Одиночеством веяло из этого квадрата…
А. Битов. «Птицы»
…А он, завернувшись в мрачный плащ, покачивался в карете, обдумывая свою далекую и черную, ничем вокруг не подсказанную мысль…
А. Битов. «Птицы»
Андрей Битов — путешественник, странный во всех смыслах. Прихотливая, причудливая, расслаивающая избирательность его зрения, да и общее психологическое состояние, кажется, мало вяжутся с любопытством к тому, что вокруг и за горизонтом. Мучительное самоуглубление, медленный, западающий в себя взгляд, сама техника письма, доведенная до зазеркального оборачивания, до умения висеть в вакууме, — все это за сорок лет сделалось чем-то вроде виртуозности, в которой Битову, кажется, уже нет равных, — при чем тут «путешествия»? А ездит!

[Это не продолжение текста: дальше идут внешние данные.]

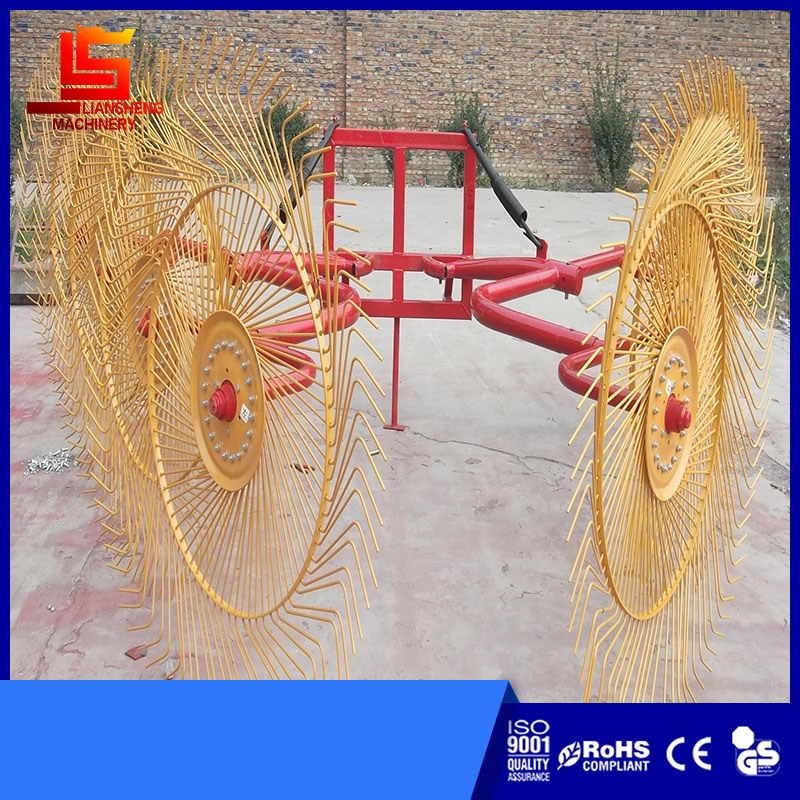 Tractor Hay Rake Wheel Rake Disc Rake Grass Collect Machine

Положим, в этой литературной традиции он ближе к Лоуренсу Стерну, чем к Жюлю Верну, то есть он больше путешествует по своей душе, чем по параллелям и меридианам. И все-таки без реального странствия тут, похоже, ничего не выйдет. Не реализуется.
Возьмем русские параллели. Чехов, конечно, реализовался бы и без поездки на Сахалин. Гончарову — внутренне — мало что прибавила кругосветка. Писемскому азиатская экспедиция не дала ровно ничего. Поставьте рядом Карамзина, который не нашел бы себя без «Писем русского путешественника», и вы почувствуете, о чем я говорю. Битов, этот изумительный, природой созданный орган самоанализа, не реализовался бы без своих изматывающих путешествий. Они ему жизненно необходимы. Они что-то в нем раскрывают, в его душе, обращающейся вокруг своей оси. Разгадка — в ней, и смысл — в ней же.
Хотя жанр есть жанр: за четверть века странствий при всем том, что «„Армения“ написана о России», — уже и некоторые «путевые эпизоды», закрепленные битовской рукой, стали своеобразной классикой жанра. Ногтями выцарапанная изнутри скалы церковь в Гехарде… Срезанный сверху 1917 годом хивинский минарет… Пенсне Чехова на бархате под незахватанным стеклом, тоненько дрожащее от гула машин на Садовом кольце… Все это именно Битовым и именно так вписано в историю нашей души. И это — не что иное, как впечатления неожиданно взглянувшего странника.